Consider the Oyster

Originally Posted on The Yale Herald via UWIRE

Love will be in the air—and in the kitchens and on the tables—at New Haven’s higher-end restaurant scene this Valentine’s Day. A cursory romp through restaurant websites reveals copious offerings that each establishment will serve exclusively on Feb. 14. Chapel Street’s chic Zinc, a so-called “New American” restaurant with a farm-to-table bent, will be serving a roasted red beets salad, lobster and shrimp fra diavolo,[1] ribeye roast, and chocolate mousse, among other things.[2]Just around the corner from Zinc in the Taft Apartments, ROÌA will be offering dishes like a shaved root vegetables appetizer, a “truffled” celeriac risotto entrée, and a pomegranate granita[3] with dark chocolate tuile[4] for dessert.[5] Raw scallops, rocket (arugula), cherry glazed duck breast, brisket with dark-chocolate-chili-dusted carrots, cod, and berry pound cake will be featured on the prix-fixe menu of beloved cheese shop Caseus.[6] What makes these menus special, and why limit them to Valentine’s Day? I wanted to find out.

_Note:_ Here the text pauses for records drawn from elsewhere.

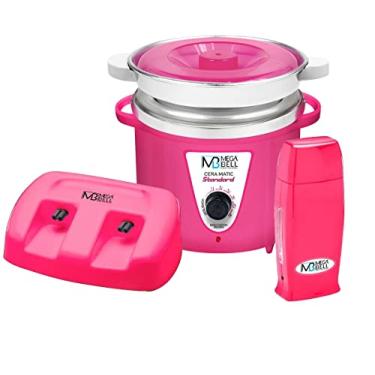 Imagem de Termocera Panela Depilação 900g c/Refil + Base Dupla c/ 1 Rollon Todo Rosa Mega Bell
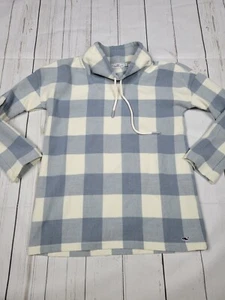 Vineyard Vines Women's Buffalo Check Ivory/Blue Fleece Sweatshirt, Size XS - Picture 1 of 6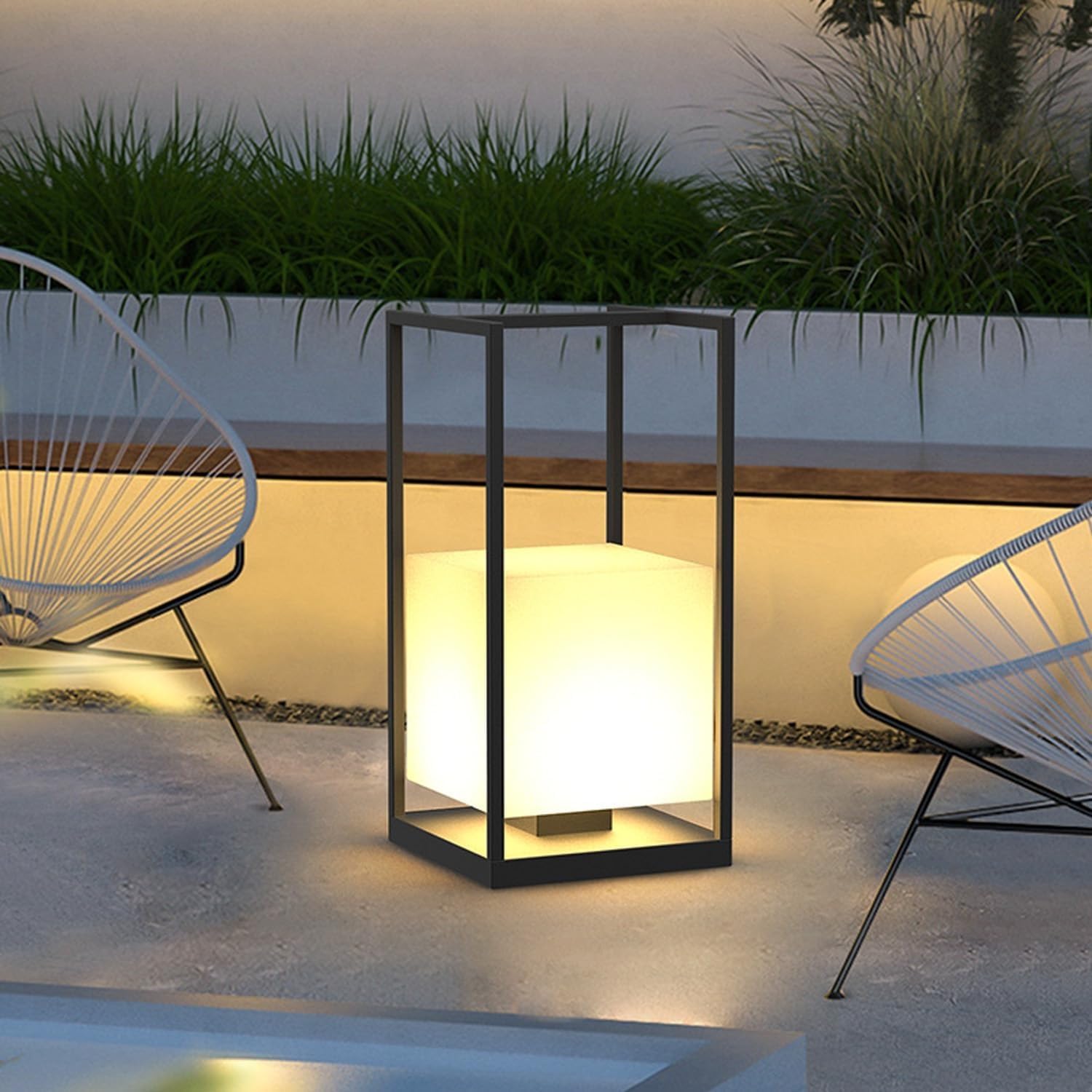 IP65 wasserdichte und verdrahtete Außenlaterne, 3000 K, warmweiß, Gartenlichter, modernes tragbares Standlicht für Hof, Veranda und Wegbeleuchtung (25 cm)
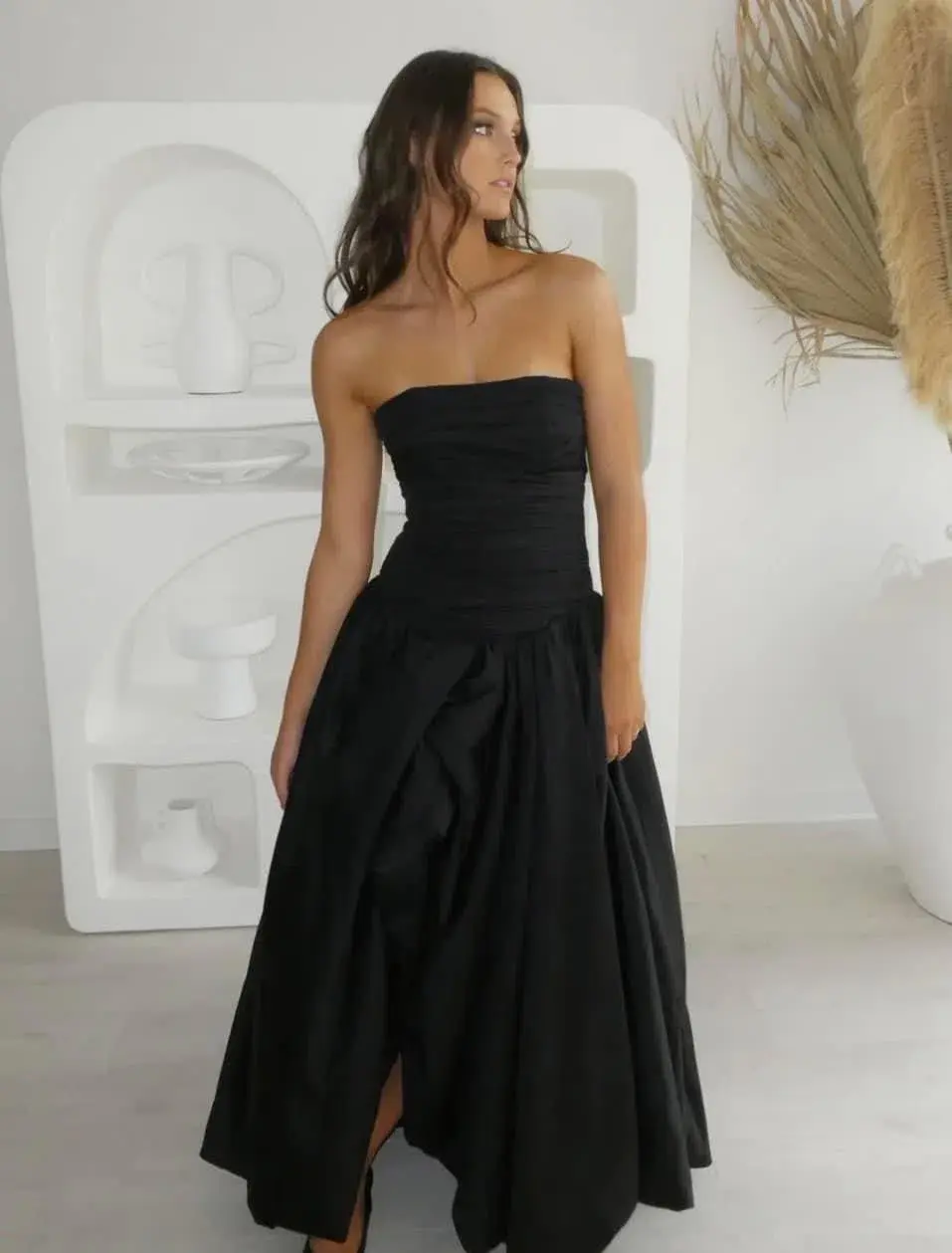AJE Violette Bubble Hem Maxi Dress Black Size 12 for rent on The Volte - main image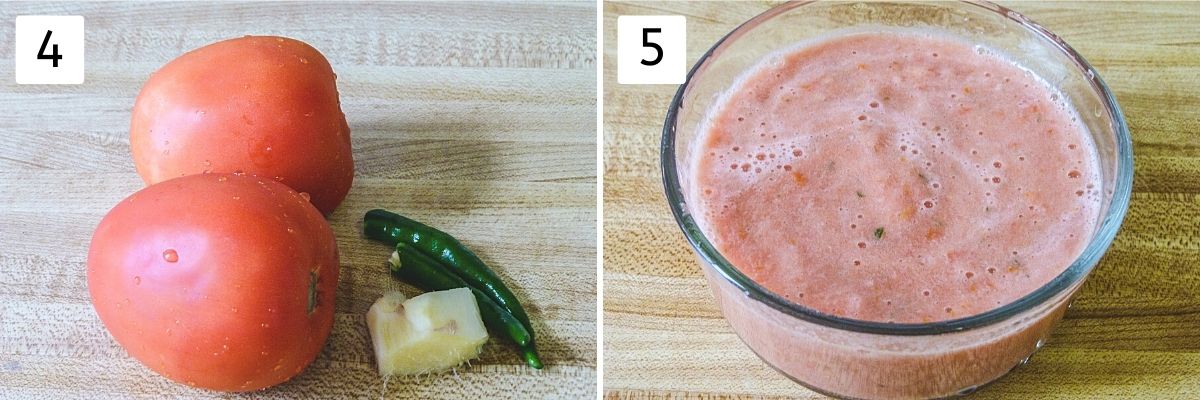 Collage of 2 steps showing tomatoes, ginger, chili in left image and puree in right image.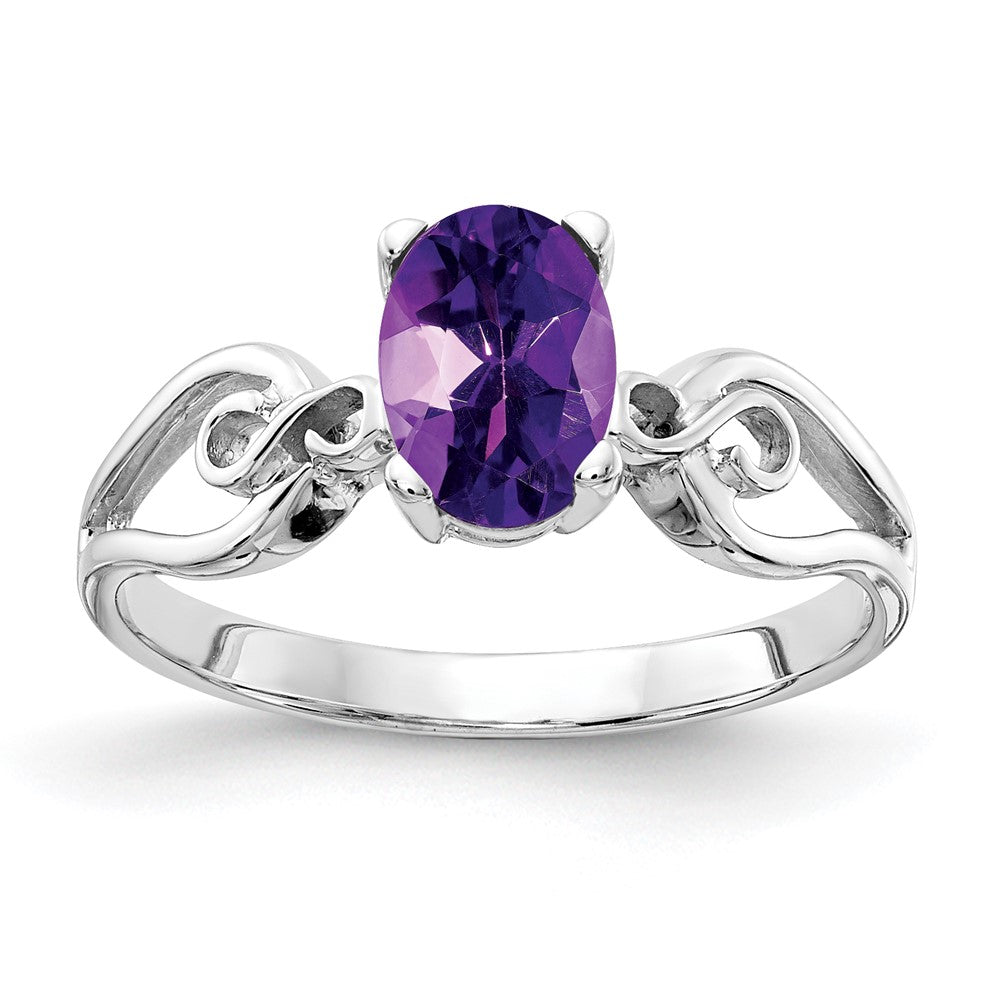 14k White Gold 8x Oval Amethyst ring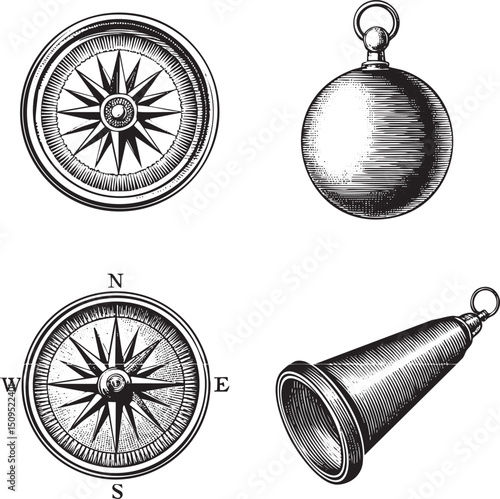 Vintage navigational instruments are displayed in a detailed black and white engraving.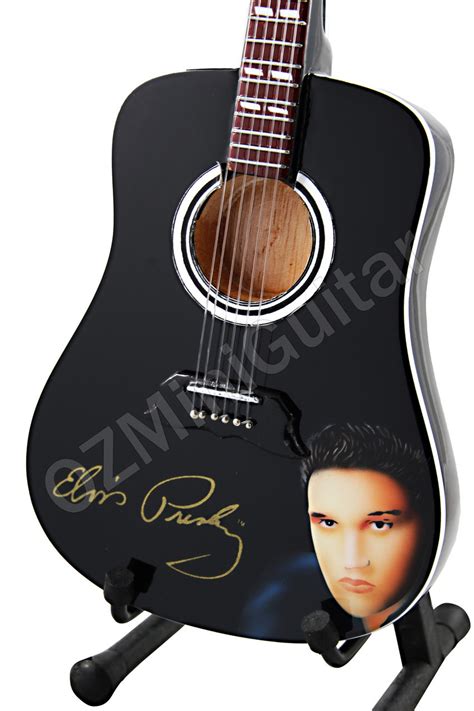 Miniature Acoustic Guitar Elvis Presley Black Ozminiguitar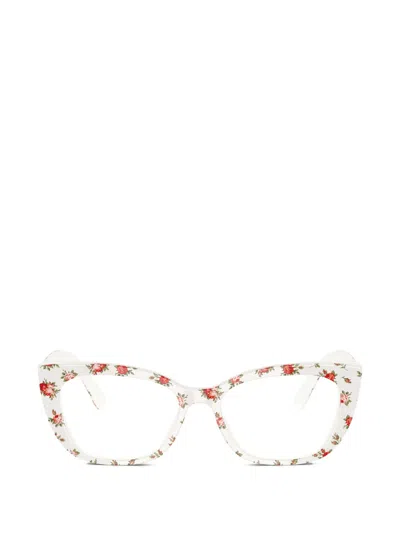 Dolce & Gabbana Kids' Floral-print Cat-eye Glasses In Neutral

To an unrefined eye, there is nothing overtly sexual about these dishes, save for Caseus’ erotic dish nomenclature: “Oh Baby I like it Raw…Scallops,” “Artichoke Me Soup,” “Get Duck Naked,” “Cod Piece,” and “Pound Me Berry Good.” Zinc and ROÌA are not so creative, but  those who know a little about food history might pick up on a more subtle connection between alimentation and fornication. Most, if not all, of the aforementioned foods are or were at some point considered aphrodisiacs—foods that enhance one’s sex drive. Root vegetables, chocolate, shellfish, fruits, and meats have all made the list over time of sex-drive inducing edibles.

Food and sex have been intimately intertwined for years as sources of pleasure, fulfillment, desire, anxiety, and taboo. Alcohol has often completed what might be considered a sensory ménage a trois[7]—humans have been drinking the stuff since the Neolithic Period—but that is not a concern of this essay. It should also be noted that aphrodisiacs are often defined as any substance, not just food, that might entail sexual arousal. This definition is the focus of Peter V. Taberner’s seminal work,Aphrodisiacs—The Science and The Myth, perhaps one of the more concentrated academic works on aphrodisiacs, but his focus lies in herbs and other non-edible animal parts rather than food. These non-food substances don’t pique my interest. I want to know what I can get at Elm City Market or Stop and Shop to prep for a fun night in.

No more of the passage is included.